# That 30 point buck



## Invector (Jan 13, 2006)

Had to post this: happy deer hunting

Let me tell you that
you no, it's not so much the heat,
as it is the gosh darn humidity.
You no when u sit there in the bed,
and your just sweaty you no? 
And you just, 
you go to reach for the water on the nightstand, 
and you slide right out of bed 
and the wife says,
"Stop making so much noise! Your waking me up, go to sleep!"
Well let me tell you,
(yeah?)
times like that, 
make me think bout movin up north,
you no? 
(good idea)
Ya I'd do it to.
Course then I couldn't watch the Packers.
You no the Packers are...
Cause I like the Packers.
I'd do nething for the Packers.
Who can forget Vince Lombardi, you no?
Back in the glory years?
Not me, boy.
Yeah nehow.
Gettin to be that time of year,
eh?(yeah, oh yeah)

Ya, I'm a deer hunter.
How do you do?
I got the deer huntin rep n tale for you.
I'm so excited, it's my favorite time of year.
I love to freeze my buns,
chasin trophy deer.
But don't clap your hands,
to the stompin of the feet,
because Yahey's like me, 
he can't keep a steady beat.
no, m mm,

I got the great big knife,
cause the hunting is my life.
It's my chance to drink beer and get away from the wife.
It's the boys night out,
acting stupidly,
say now, "baby, baby, don't you think maybe, how 'bout u n me, ya?
haha (get away!)(ow ow ow!)

Well we partied all night,
never made it to our bunks.
And I was sittin in the tree stand,
on the tree day, drunk.
Wind was blowin 45,
temp 30 below.
I was freezin to death,
then it started to snow.
So I got out from the tree stand,
start headin for the truck,
and thats when I seen it there,
the turdy point buck.

TURDY POINT BUCK?!
turdy point buck.
turdy point buck.
(turdy point buck)

Well, he was 8 foot tall,
weighed 12,000 pounds,
with every step there was a shake,
sh-shakin of the ground.
He was ruthaful, so beautiful.
Strutted right out of my dreams,
he was created by God,
just for outdoor magazines.

Now, I'm not much for thinkin,
no, I dont do it often,
but I had an idea.
(yeah, what was that?)
To put that turdy pointer,
right in his coffin, ya.
(turdy piont buck)

Couldn't get to my gernades,
(yeah rite)
the was in the shop,
my stomach was tied into a monkey knot.
Ya, my only hope was Betty Lou,
she was the one,
a combination AK 57 oozie radar laser triple-barrel double-scoped hit-seekin shotgun.
(turdy point buck)

Ya, the women clappin in the back there, I gotta make that.
Well he was comin toward me,
gettin bigger n bigger,
but my fingers were so frozen, 
I couldn't pull the trigger.
I kicked off my boots,
fired with my big toe,
I was Dirty Harry, John Wayne, n G.I. Joe.

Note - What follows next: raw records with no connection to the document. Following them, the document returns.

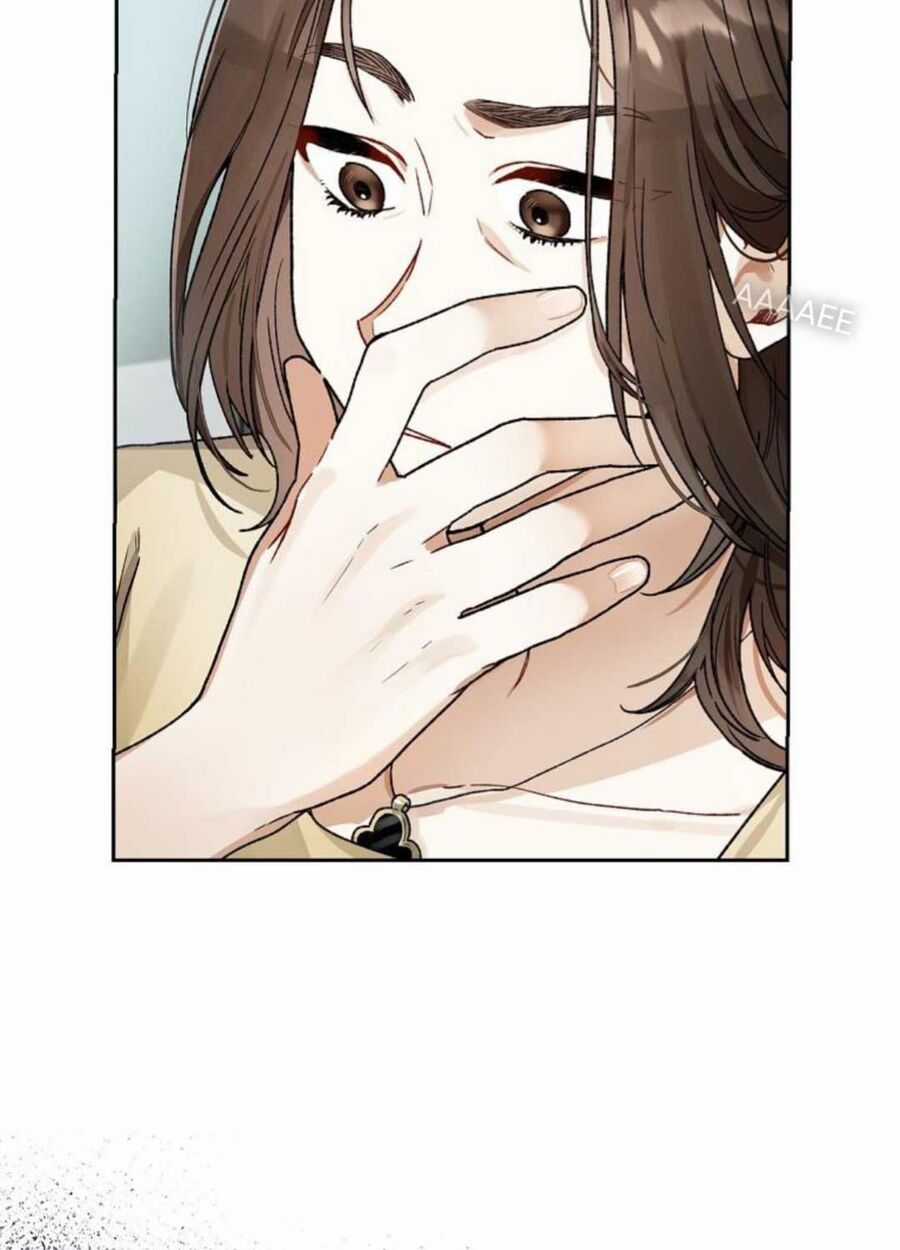 Tân Binh Triệu Đô - Chapter 9 - Trang 49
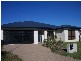 2 Goldberg Close, White Rock QLD 4868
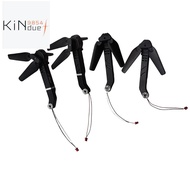 1 Set Drone Motor Arm Set Accessory Spare Parts for E88pro E88 E99 Quadcopter Replacement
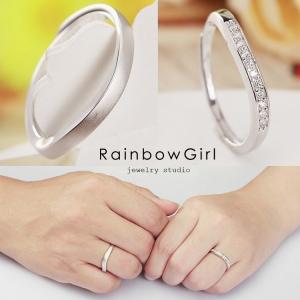 TIFFANY&Co.（ティファニー） 極 美品 希少品 バンブー リング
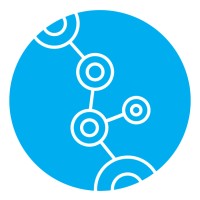 MIT Office of Sustainability logo - Similar company to Kth Students For Sustainability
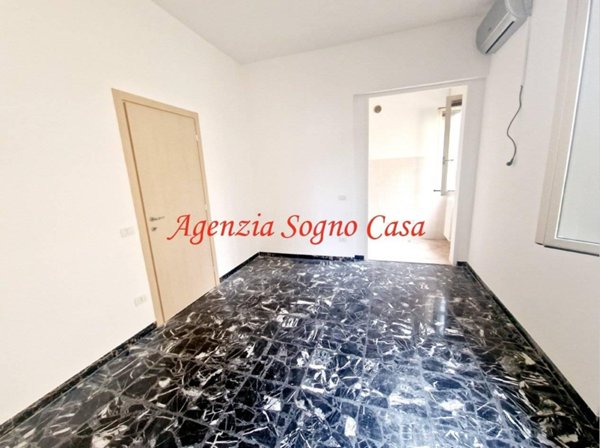 appartamento in vendita a Forlì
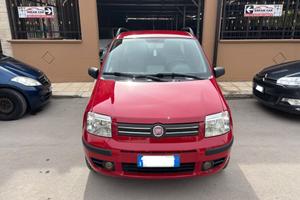 Fiat Panda 1.2 Dynamic Natural Power Mamy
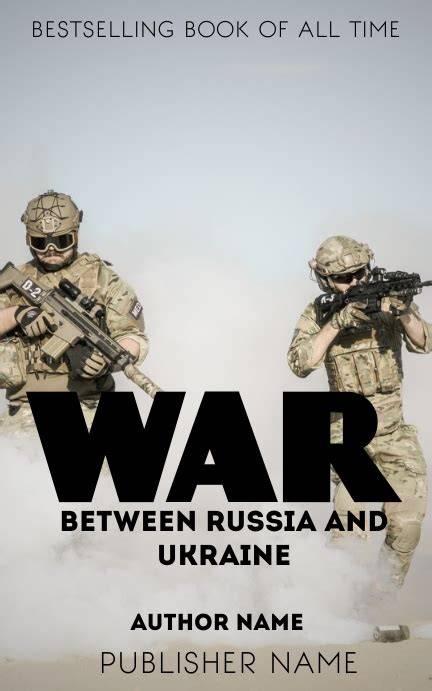 Two Weddings and a War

Ya, that turdy point buck,
was only 10 feet away, ya,
still I coudln't seem to hit him,
and he wouldnt run away.
And after 20 minutes, 
when the smoke cleared,
there were hunters on the ground,
and the worlds biggest dear.
There, standin tall n proud,
he looked at me and yawned,
and then a flash of white,
n there he was...gone.
(oh its alrite clyde, dont worry about it)

Then 7 men got up,
n the one fell down.
A big lump of blaze orange,
shakin on the ground.
At first I thought he was one of the boys,
but it was that no brother good in law of mine,
from Illinois.
(only cheeseheads, send him back on the next plane)

Did ya see the turdy pointer?
Did ya see the turdy pointer?
Did ya see the turdy pionter?
Did ya see the turdy pointer?

As we jumped into the truck,
and I'm gonna get that
turdy point buck.
Ya, I'm gonna get that turdy point buck.
I'm gonna get that turdy point buck.
(turdy point buck)
(Hey, there he goes! There he goes!)
I'm gonna get that turdy point buck.
(Come on guys! Lets go get him!)
Ya, I'm gonna get that turdy piont buck.
(Hey grab your gun man! I got my beer, and I got that hit-seeker)
If it's the last thing I do, 
I'm gonna get that turdy point, turdy point buck.
Haha
(tury point buck)


----------



## Duckslayer04 (Oct 2, 2005)

DA YOOPERS, ya u betcha thats were its at!!!!


----------



## Chris Schulz (Sep 7, 2004)

Duckslayer04 said:


> DA YOOPERS, ya u betcha thats were its at!!!!


I think its Bannana's at large or something like that?


----------